Applying surfactants to improve the absorption capacity of mixtures of lithium bromide and formates in absorption refrigeration coolers

doi:10.1016/j.ijrefrig.2007.12.005

International Journal of Refrigeration

Volume 31, Issue 6, September 2008, Pages 1073-1080

https://doi.org/10.1016/j.ijrefrig.2007.12.005 Get rights and content

Abstract

The addition of a surfactant like n-octanol improves the absorption capacity of the absorbent solutions employed in absorption refrigeration coolers.

The effect of the addition of n-octanol on the water vapour absorption properties of LiBr + CHO₂Na (sodium formate) + water (LiBr/CHO₂Na = 2 by mass) and LiBr + CHO₂K (potassium formate) + water (LiBr/CHO₂K = 2 by mass) solutions has been investigated.

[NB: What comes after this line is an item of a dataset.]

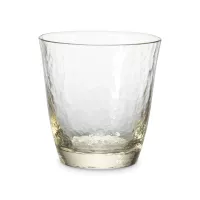Стакан для виски, 8.7 см, 300 мл, хрусталь, желтый, серия Takasegawa, TOYO SASAKI GLASS, Япония,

The enthalpies of dilution, vapour pressures, densities and viscosities of the mixtures were measured in the range of temperature from 293.15 to 333.15 K and concentrations between 20.0 and 45.0% by mass.

The mixture LiBr + CHO₂Na (sodium formate) + 1000 ppm of n-octanol solution at 45% by weight exhibits a greater vapour absorption capacity than the LiBr solution conventionally employed in this type of refrigerant machines.

Introduction

Today the technology developments have made the absorption refrigeration an economic and effective alternative to the vapour compression cooling cycle. The increase of electricity cost and environmental problems has made this heat-operated cycle more attractive for both residential and industrial applications. Absorption chillers are widely used in the air-conditioning industry, in part because they can be activated by hot water, steam and direct-fired natural gas, among others, instead of electricity (Herold et al., 1996, Kim et al., 1996, Uemura and Hasaba, 1964).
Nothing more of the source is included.